As we walked down to the dock this morning, the Geezer looked at a Hibiscus bush and said, “Sandy, remind me to put ‘Trim Hibiscus bush’ on my to do list.” I looked skyward and rolled my eyes. The Geezer’s to do list was where work went to die.
I saw him frown when we stepped down on the pier’s planking. “Sandy, tell me to add ‘Clean Pelican crap from the dock’ to my to do list.” I bit my tongue. The old boy was on one of his single track railroads.
“The weather guesser must be wrong, Geezer. It looks like it’s going to be a great day.” A change of subject was in order.
Geezer rotated his head toward the Northwest in one of those grinding uneven arthritic movements he makes in the mornings. He sniffed the breeze like he might actually be able to smell something. Sorry, but human noses aren’t worth much – for smelling that is. I guess they provide a place for glasses to perch on and help identify you. Let’s face it, when God was giving out olfactory senses your species wasn’t even in line!
After a thorough review of the horizon, a rev up of Geezer’s meteorlogical computer storage bank, and a few unnecessary “Ummms” and “Hummms” the old boy’s mental machinery clanked to a conclusion, “No Sandy, I think she’s right. It’s gonna rain and turn cool.” He launched into an explanation of cloud types, switching wind directions, and pains in his hip, all of which were designed to impress me with his scientific reasoning. A coin flip would have been more reassuring. At least, I’d been successful in getting his mind away from the do to list.
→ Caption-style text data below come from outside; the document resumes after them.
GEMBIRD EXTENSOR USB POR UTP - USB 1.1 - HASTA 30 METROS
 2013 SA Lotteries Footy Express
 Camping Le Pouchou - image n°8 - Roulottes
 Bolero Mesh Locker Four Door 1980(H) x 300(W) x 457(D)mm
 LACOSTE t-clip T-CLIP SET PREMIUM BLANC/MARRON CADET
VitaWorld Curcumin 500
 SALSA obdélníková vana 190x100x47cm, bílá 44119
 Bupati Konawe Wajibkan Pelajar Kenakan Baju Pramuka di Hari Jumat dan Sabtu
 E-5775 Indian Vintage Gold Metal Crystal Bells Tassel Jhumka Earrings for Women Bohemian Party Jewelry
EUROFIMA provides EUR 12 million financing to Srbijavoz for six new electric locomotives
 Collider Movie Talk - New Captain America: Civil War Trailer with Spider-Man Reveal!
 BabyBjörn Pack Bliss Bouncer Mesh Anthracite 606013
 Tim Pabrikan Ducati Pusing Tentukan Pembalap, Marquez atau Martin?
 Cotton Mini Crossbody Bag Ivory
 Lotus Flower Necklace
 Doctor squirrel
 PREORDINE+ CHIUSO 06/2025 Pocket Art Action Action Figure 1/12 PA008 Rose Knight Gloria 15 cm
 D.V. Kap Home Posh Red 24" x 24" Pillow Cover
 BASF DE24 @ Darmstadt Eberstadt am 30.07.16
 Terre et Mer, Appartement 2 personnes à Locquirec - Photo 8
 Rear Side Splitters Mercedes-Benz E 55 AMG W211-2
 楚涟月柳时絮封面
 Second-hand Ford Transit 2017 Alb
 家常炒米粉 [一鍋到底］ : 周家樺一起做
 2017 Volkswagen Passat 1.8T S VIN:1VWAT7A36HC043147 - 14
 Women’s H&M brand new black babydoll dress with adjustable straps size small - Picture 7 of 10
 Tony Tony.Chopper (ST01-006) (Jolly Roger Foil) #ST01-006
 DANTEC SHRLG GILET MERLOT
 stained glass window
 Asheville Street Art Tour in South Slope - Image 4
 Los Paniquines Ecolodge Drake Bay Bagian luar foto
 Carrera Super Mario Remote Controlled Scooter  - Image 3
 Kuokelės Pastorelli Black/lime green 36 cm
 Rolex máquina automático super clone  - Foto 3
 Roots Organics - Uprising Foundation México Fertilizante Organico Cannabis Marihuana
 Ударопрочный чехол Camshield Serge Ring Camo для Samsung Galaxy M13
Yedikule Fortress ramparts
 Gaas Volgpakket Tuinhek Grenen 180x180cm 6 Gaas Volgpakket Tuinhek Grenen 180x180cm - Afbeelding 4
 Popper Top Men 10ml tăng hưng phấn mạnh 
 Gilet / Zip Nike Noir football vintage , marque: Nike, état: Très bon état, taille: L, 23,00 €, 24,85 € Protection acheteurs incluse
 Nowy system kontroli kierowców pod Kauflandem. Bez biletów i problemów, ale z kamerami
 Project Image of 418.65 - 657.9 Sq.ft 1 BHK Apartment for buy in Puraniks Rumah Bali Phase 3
The Geezer droned on proudly, offering me his meteorlogical wisdom, until he finished by saying, “Damn weather sure plays havoc with untreated wood. Sandy, I need to rebuild my fish cleaning stand. Remind me to put that on my to do list.”
So much for the impossible dream. I’d failed miserably. After laying down, I whined and covered my ears with my paws. It’s a habit I have when I show displeasure. I guess I’ve been hanging out with humans too much.
The Geezer looked at me quizzically. “What’s eating you?”
“Come on Geezer, you know you’re not going to do anything you put on that to do list. You ought to call it your, ‘lies that make me feel better list.’ How often do you work on any of that stuff?”
“Be fair, Sandy.” Guilt hid right behind his “I’m hurt” mask.
“Okay. Did you pick up the coconuts laying in the yard or wash the truck? Those were two entries from yesterday.” He asked for it and I’m just the dog to give it to him.
“How ’bout, staking up the tomato plants or finishing taking down the Christmas decorations? Hummmmm?”
“You made your point. I guess I forget to check it. Got any suggestions?” The Geezer figured I’d give up easily, but I was on too good of a roll.
After a few seconds to come up with the right wording, I said, “Here’s what you do, Geezer. You buy an electrical genital cup, fit it with a wireless device and a timer, set it so it turns on periodically, and put the turn off button on the to do list. That way you’ll have to check it regularly or you’ll lose those things.” I smiled smugly.
The Geezer nodded, looked serious, and said, “Not a bad idea with a change or two.”
“Change? Change? Change!? Why would you need to change it?” I was so sure I’d ‘gotten him’ I was shocked by his response.
He grinned. “I need to select another part of my body to receive the electrical shock. At my age, I should pick something I use more frequently and value more.”